Hello,
As PyPI has become the de-facto canonical namespace for freely redistributable Python packages, I would like to encourage maintainers of packages in the Fedora Linux distro to synchronize their Distribution Package names with PyPI – effectively, to merge Fedora’s namespace into PyPI’s.
This has not yet been discussed in Fedora; I’m kicking off the discussion there as well. Here, I’d like to discuss the PyPI side of things.
While this discussion is ongoing, the names that Fedora uses but are not yet on PyPI have been kindly blocked by the admins, so that:
- good faith actors are advised that the name is taken in some sense (though not in the PEP 541 sense), so using the name for a different purpose might confuse users, and
- bad-faith actors can’t snatch the names that easily.
This will need to be reverted and replaced with a better solution, once we know what that is.
But let me frame the issue a bit more generally.
PyPI as a namespace vs. project repository
I feel that currently, PyPI has a bit of a split identity. Per PEP 541, it tries to be purely a repository of useful projects. However, PEP 518 uses names on PyPI as “markers” in pyproject.toml
.
This puts us in a tough spot when we want to use tools that aren’t packaged on PyPI.
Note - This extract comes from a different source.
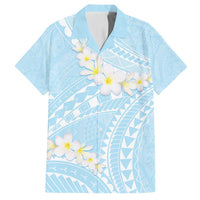 Polynesian Vintage Floral Family Matching Puletasi and Hawaiian Shirt Azure Motifs LT7 Dad's Shirt - Short Sleeve Azure - Polynesian Pride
(Note: I’m not necessarily arguing that pyproject.toml
tools are a good idea, but that reasonable people like PEP 517 authors view PyPI as a namespace.)
Why would a tool not be packaged on PyPI? For example, there bindings to software written in other languages, which use non-Python build systems (e.g. make; make install
). One could write a PEP 517 build backend for such software, but in some cases it wouldn’t be very useful: for reasons like non-Python build-time dependencies, building wheels just sometimes doesn’t make sense. In Fedora, pyproject.toml
handling could reasonably be implemented with as RPM macros, not a Python library.
It does make sense to have well-known names for projects that aren’t installable from PyPI. For example, If I’m querying system-wide installed from Python, I want to include my system package manager in install_requires
. But for that package manager, “installable from PyPI” is more of a box to tick than a useful feature.
Blocking and squatting
There are several legitimate reasons to block certain names on PyPI.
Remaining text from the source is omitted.